## WHAT TO PRODUCE
Your copy should match the listing below word for word, with no images in it.

## STUDY MATERIAL
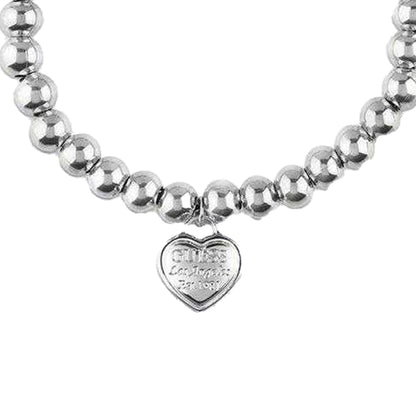 Silver - Back - Guess Cord Heart Charm Bracelet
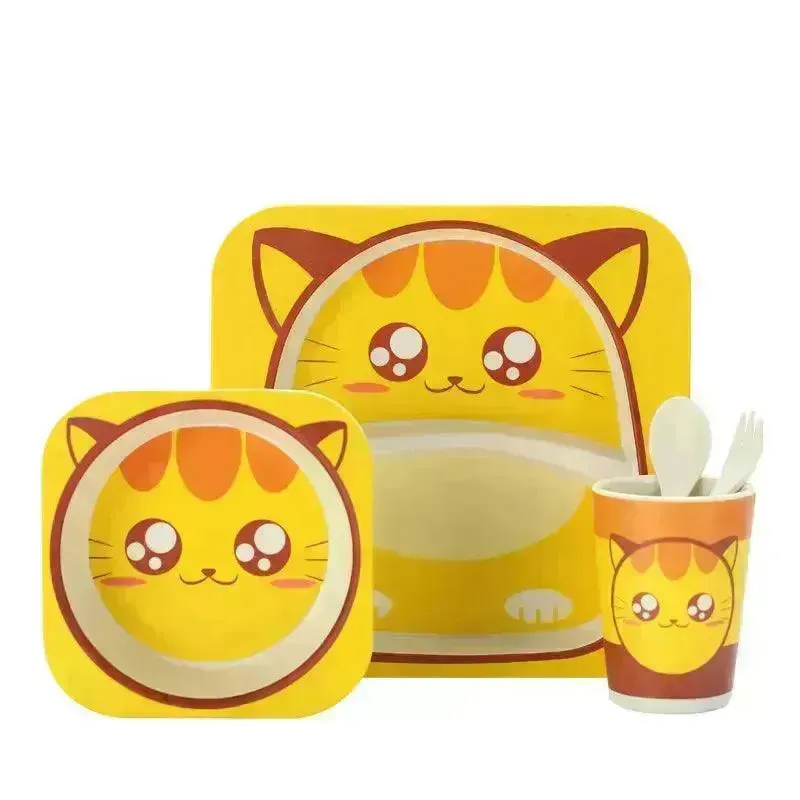 Eco-friendly Bamboo Fibre Kids Dinnerware (Set of 5)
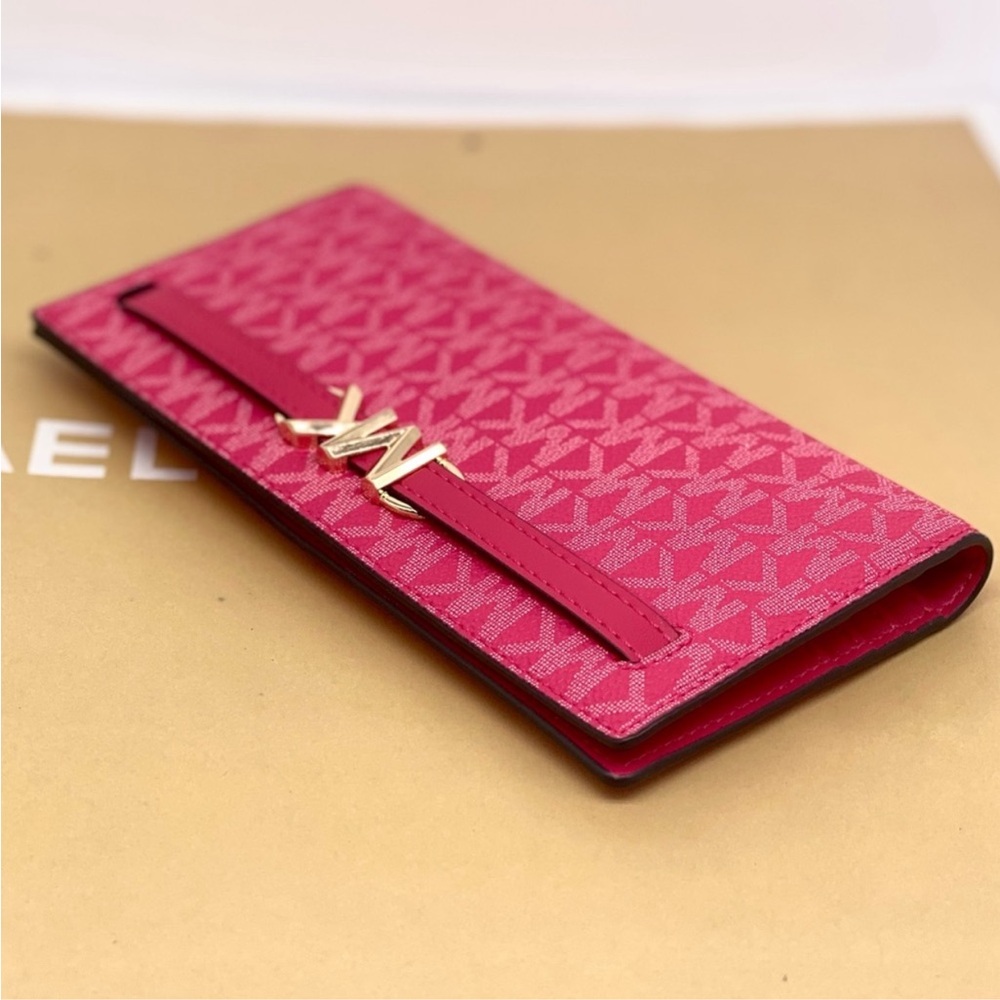Michael Kors Reed Snap Bifold Wallet Electric Pink - Picture 9 of 11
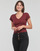 Υφασμάτινα Γυναίκα T-shirt με κοντά μανίκια G-Star Raw eyben slim v Bordeaux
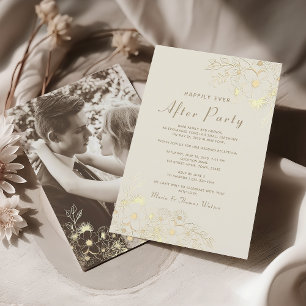 Elfenbeingoldblütenhochzeit nach dem Party Einladu Einladung
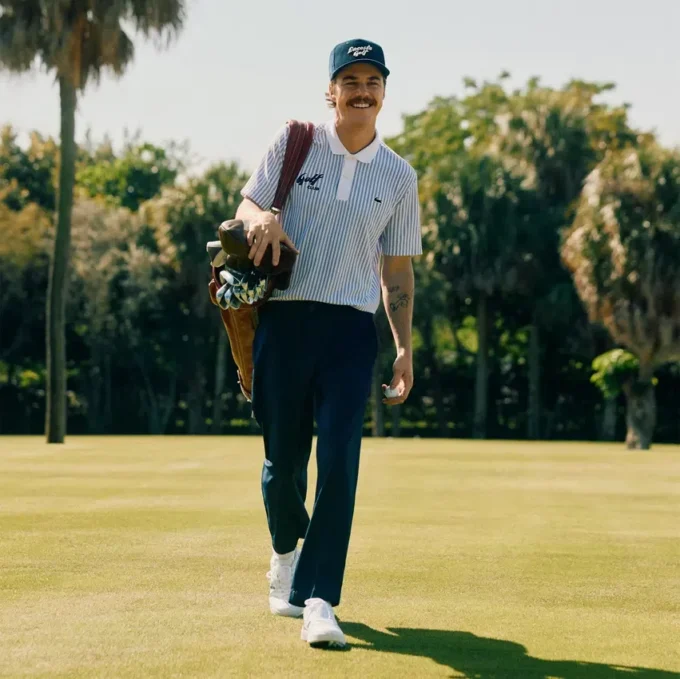 Brodert golfcap i kordfløyel for menn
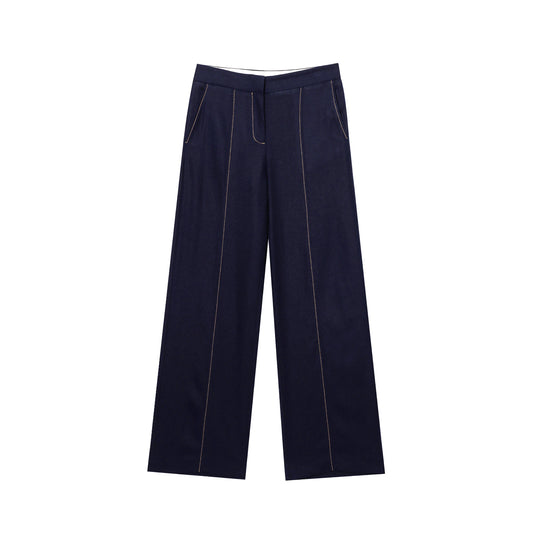Women's clothing 2025 autumn new product fashion blended line decoration straight casual trousers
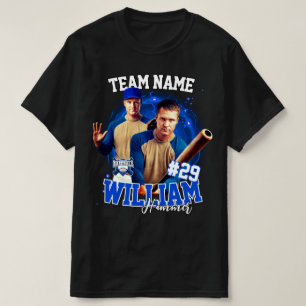 Camiseta Foto de jugador de béisbol personalizada negro azu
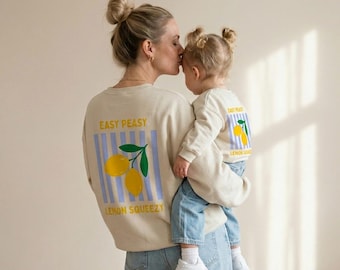 Partnerlook Sweatshirt »Easy Peasy Lemon Squeezy« aus Bio-Baumwolle mit Backprint I Matching Outfit für Mama & Kind oder die ganze Familie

## EXERCISE SOLUTION
 Silver - Back - Guess Cord Heart Charm Bracelet
 Eco-friendly Bamboo Fibre Kids Dinnerware (Set of 5)
Michael Kors Reed Snap Bifold Wallet Electric Pink - Picture 9 of 11
 Υφασμάτινα Γυναίκα T-shirt με κοντά μανίκια G-Star Raw eyben slim v Bordeaux
 Elfenbeingoldblütenhochzeit nach dem Party Einladu Einladung
 Brodert golfcap i kordfløyel for menn
Women's clothing 2025 autumn new product fashion blended line decoration straight casual trousers
 Camiseta Foto de jugador de béisbol personalizada negro azu
 Partnerlook Sweatshirt »Easy Peasy Lemon Squeezy« aus Bio-Baumwolle mit Backprint I Matching Outfit für Mama & Kind oder die ganze Familie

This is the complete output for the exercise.